I have spent total of 12 months in Ethiopia. I am definitely not fluent in Amarigna but I know a little.
I can't say for sure that you are wrong, but I have never heard the word "dinat" or "dinesh" as thank you. People say "amesegenalu" or as a formal way you can say "igziabher yistilign ina amesegenalu" which means "god give to you and I give you my thanks".
Ibakh means please to a male, Ibaksh means please to a female, Ibakho means please to a group of people.
The word wat and wet is the same word, it is pronounced closer to "wot". It means a sauce or basically the food you put on top of the injera.
Kai wot is a red lentil sauce. Msr wot is another lentil sauce. Shiro is another wot made of powdered garbanzo beans. Tegebino is a special kind of shiro which if you are lucky is made really thick. Restaurants in Shashemene will always make it thick, but in Addis Abeba usually not.
Msr means lentils
Ros means rice
Dabo means bread
Dinich means potato
Tomatim means tomato
Kaisr means beetroot
Karia means spicy pepper like a jalepeno or chili pepper
Shinkult means onion
Natchshinkult means garlic
Atklt means vegetables
Frafre means fruit
Suquar means sugar
Chow means salt
Ananas means pineapple
Muz means banana
Salat means lettuce that is eaten raw, like leafy greens
Gomen means greens that are usually eaten cooked
Habesha gomen means specifically collard greens
(Habesha means local to Ethiopia, it can be used to describe anything from people to clothing to food, and more).
Injera is the flat bread. Teff is the grain itself which is used in making the bread. The only ingredients in traditional injera are teff and water. Sometimes people make it now with teff and corn "maiz", or wheat "sindy".
Berbere is not simply "spice". It is a specific blend of spices. Mitmita with an emphasis of the T sound is another specific (more spicy) blend of spices.
Bekah? means Enough? to a male. Bekash? to a female. Bekaign means enough for me.
Tafach with an emphasis on the T sound and the ch sound means sweet or tasty. It can be used to say the food is tasty, even if it is a spicy dish. Tafach nu, it is tasty. Tafach nebur, it was tasty. If you don't emphasize the T and Ch enough, some people might think you said Tefash, which means "I have missed you" to a female.
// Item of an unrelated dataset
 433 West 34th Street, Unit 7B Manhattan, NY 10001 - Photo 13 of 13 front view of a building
Arif is an arabic word meaning Good, it is used a lot in Ethiopia also.
Wasai means amazing. Wasai nebur, it was amazing. The waitor will be really happy if you tell him this.
Selam means Peace. It can be used as a greeting yes. Selam nu? is a question which is asking the person, Is there peace? It can be asked to a male or female. It is very often used in the ritual greetings, in which several questions are asked back and forth, the end result usually being "Igziabher yimmesgan" Give thankhs to god. Selamta means Greetings. Selam nesh? is asking to a female, are you peaceful? Selam neh? is the same question to a male. Selam nachu? is the same question to group of people. Deyna nesh? is asking a female, are you fine? Deyna neh? is the same question to a male. Indemn neh/nesh? is a question asking How are you? Indemn nachu? same question to a group. Indemn newot? is the same question to an elder.
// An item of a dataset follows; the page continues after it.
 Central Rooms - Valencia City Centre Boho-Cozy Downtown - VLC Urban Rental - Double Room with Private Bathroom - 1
Selam negn or Deyna negn is the answer, I am peaceful, or I am fine.
I don't know what medhane means. But Alem means the world.
Aleh means there is. So if you want to ask "is there meat?" You ask "siga aleh?" Yelem means there is not. So if there is no meat, the answer would be "siga yelem." If you want to ask for something without meat, "Yele siga". Without sugar, "Yele suquar". With sugar, "b' suquar". With salt, "b' chow". Aleh can also be used for a person. If you are looking for your friend Berket and you go to his house, you will ask "Berket aleh?" Someone will answer you either aleh or yelem. He is here, or he isn't here.
Chmr means more. Chamri means put more. For example the lady is filling your coffee cup but she doesnt put enough. "Chamri ibaksh", put more please. Min ye chmr? means what else? Like if you are eating and your plate is almost empty, your host will ask you "min ye chmr?" and you might say "injera ina gomen chamri". Put more injera and greens.
Buna means coffee.
Shai means tea.
The only word I ever heard used for juice is Juice, I am not sure if there is another word for that, I imagine so.
Wuha means water.
Wetet means milk.
If you want coffee with milk, you say buna b' wetet. If you want coffee without sugar, "buna yele suquar". It used to be common to drink coffee with salt, buna b' chow. Now it is more common to have it with sugar. But you can always ask for salt instead. Tqr means black, the color. It can also refer to plain coffee with nothing in it. Tqr buna.
I hope that helps expand your vocabulary. I kept it mainly to food since that seemed to be your biggest interest.
I highly suggest learning to read the Amarigna fidel. It will help understand the language much better. To do this, it is easy to look up a youtube video of someone pronouncing each character. You can make flash cards equating the character to the sound you hear. That was an idea from someone on this forum (was it Jahcub? I think so) and it helped me a lot.